Last Thursday, barely 48 hours after police chief Bill Blair announced that he’d asked retired justice Dennis O’Connor to look into police policies and training when it comes to dealing with people in crisis, allegations of a possible conflict of interest surfaced.

Turns out that he learned former justice happens to be employed by the law firm Borden Ladner Gervais, which has a well-earned rep of representing cops, some pretty bad apples, in civil suits. More recently, the firm’s lawyer’s represented the Toronto Police Service in a multi-million-dollar class action brought by Sherry Wood into the police treatment of protestors during the G20 (which was dismissed by the way.)

Not that the firm’s choices should necessarily reflect negatively on O’Connor. Everyone’s entitled to a defence. And O’Connor is by all accounts highly respected.

But given the questions that have already surrounded the chief’s appointment of O’Connor – that it was to provide political cover – arguably, even the mere appearance of a conflict is problematic.

O’Connor may come back and repeat recommendations of countless inquests that have already been held into police shooing deaths, which may serve to provide the impetus to actually do something about it this time anyway.

But we would be naïve to think that the wheels of justice don’t turn differently for police accused of unlawful conduct or, for that matter, people in positions of power.

Take the police’s handling of the other politically-charged matter dominating headlines these days, those crack cocaine allegations swirling around our mayor, Rob Ford.

There, the chief’s reluctance to address the allegations in a meaningful way publicly, has raised doubts. What’s already known of the mayor’s keeping company with gun and drug runners, for example, should have been enough to cause his removal – at least until the cloud hanging over his head cleared.

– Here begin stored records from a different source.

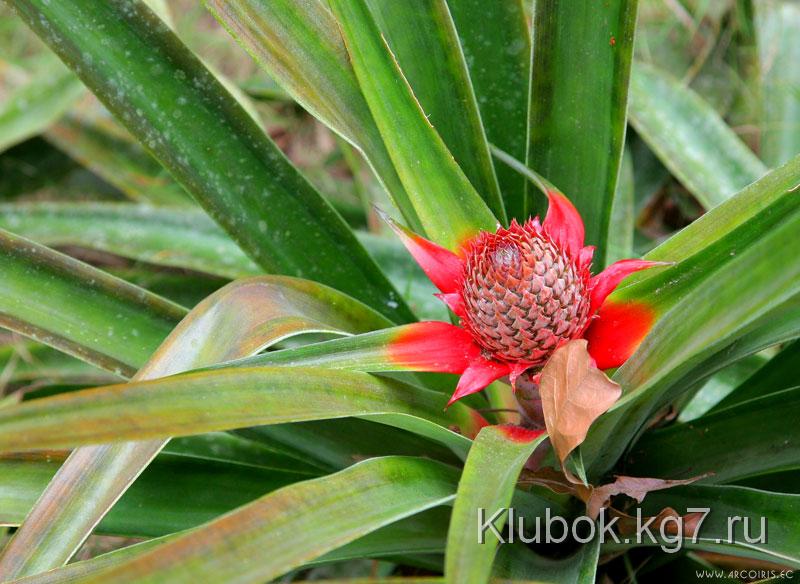 розетка ананаса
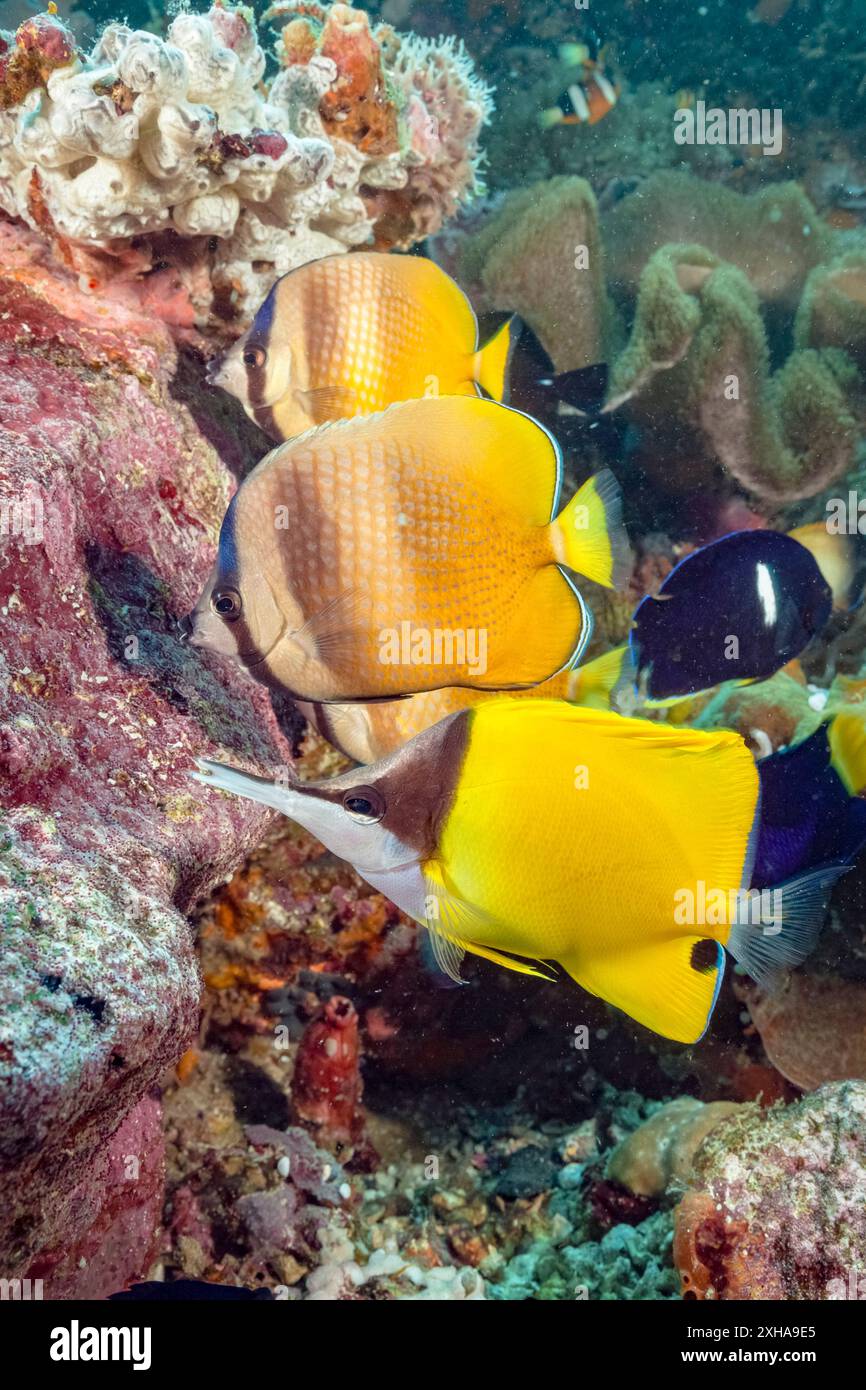 yellow longnose butterflyfish, or forceps butterflyfish, Forcipiger flavissimus, and  sunburst butterflyfish, Chaetodon kleinii, feeding on fish spawn Stock Photo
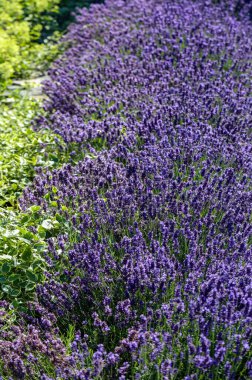  Fransa, Sault yakınlarındaki Provence 'de açan lavanta çiçekleri.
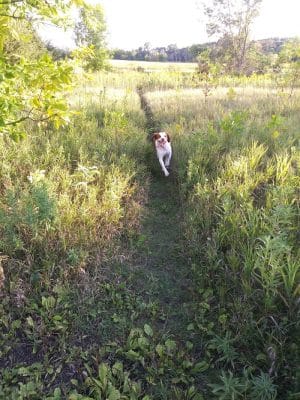 Lake Sarah Dog Park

However, save for whatever the city’s major news orgs have been able to uncover, it’s unclear just where the investigation, if there is an investigation, is headed. There were some assurances offered this week.

Three months after allegations first surfaced of the existence of a video allegedly showing the mayor smoking crack (and uttering homophobic slurs), the police have reportedly been interviewing the mayor’s former staffers about some of the unseemly company the mayor keeps, according to the latest frontpager published in the Star on Saturday.

One in partiulcar, Alessandro “Sandro”‘ Lisi, a sometimes chauffeur of the mayor’s and reputedly, his drug dealer, has a history of drug possession charges and thuggish behaviour, including criminal offences involving assault charges against three different women, according to the Star.

Besides adding the most explosuve pieces to the crack story puzzle since it broke in mid-May, the Star’s most recent revelations are noteworthy for another very important reason. It seems the cops are actually investigating attempts by Lisi and the mayor’s head of logistics, David Price, to retrieve the crack tape the mayor claims doesn’t exist.

Those attempts may or may not be related to a shooting incident at the Dixon high-rises in the city’s northwest end, a home invasion at the Windsor address of another of the mayor’s high school friends where the alleged video may have been shot, and a stabbing incident at the Don jail.

The Star’s latest revelations offer some confidence cops are on the Ford case. But Ford still occupies the mayor’s chair. The question has to be asked why.